Pace of reforms must be kept up
IMF urges Athens to stick to goals; size of additional Greek aid still being worked on, says Lagarde
Greece’s government must keep up the pace of change to prevent its program from faltering, an International Monetary Fund official said yesterday as European Union leaders continue to scratch their heads over how to tackle the Greek crisis.
“It is clear Greece is at a critical point,” Bob Traa, the head of the IMF mission in Greece, told a conference in Athens. “The choice is between bold reform or to allow the pace of reforms to slow. The headwinds are difficult for Greece right now.” Without deeper reductions, the country’s budget shortfall will remain stuck at between 9 percent and 10 percent of gross domestic product, Traa said. State asset sales will begin “without delay” and Greek banks need to bolster their capital buffers, he said.
“As long as doubts exist about the assets held by the banks, wholesale market access will likely remain impaired and, in this regard, larger capital cushions will help to reduce these doubts,” Traa said.
“Financial sector stability plays a crucial role in this recovery. They have to support financial stability and banks must do their part. In particular, banks should seek further capital and improve the market’s perception of their valuation.”
A year after the bailout that aimed to stop the spread of the debt crisis, Greece remains mired in a third year of recession, shut out of financial markets and saddled with the biggest debt load in the euro’s history. Greece now needs a second rescue package to avoid the euro area’s first sovereign default.
The Washington-based IMF provided 30 billion euros of Greece’s original loan bailout of 110 billion euros.
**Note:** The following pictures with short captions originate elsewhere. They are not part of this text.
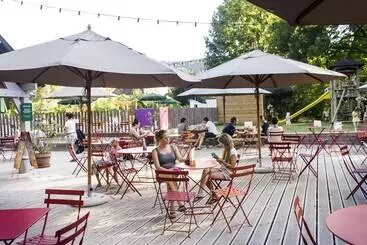 Hotel Huttopia Beaulieu Sur Dordogne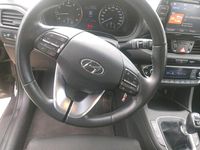 Gebraucht Hyundai i30 140 PS (102 kW) 2020 Schwarz Kombi
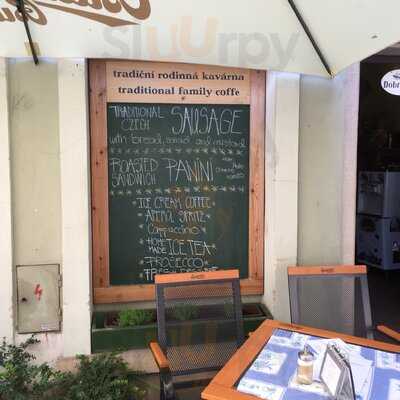 Kavárna Modrý Orel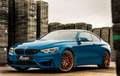 BMW M4 *** COMPETITION HERITAGE / LIMITED 1 OF 750 *** Blue - thumbnail 1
From New Delhi yesterday, French Finance Minister Christine Lagarde said that the size of the additional financial package for Greece had not yet been worked out and that the package will not include the restructuring of Greek debt.
“It is in process, there is no final number at this point in time,” she told reporters.
“No,” Lagarde responded to a question on whether she expects Greek debt to be restructured.
While the government struggles to prevent Greece from defaulting on its debt, the Socialist Cabinet has been debating a midterm economic plan which will impose 6.4 billion euros of extra savings in the rest of this year alone.
The Greek government expects Parliament to vote on its midterm austerity plan by the end of June.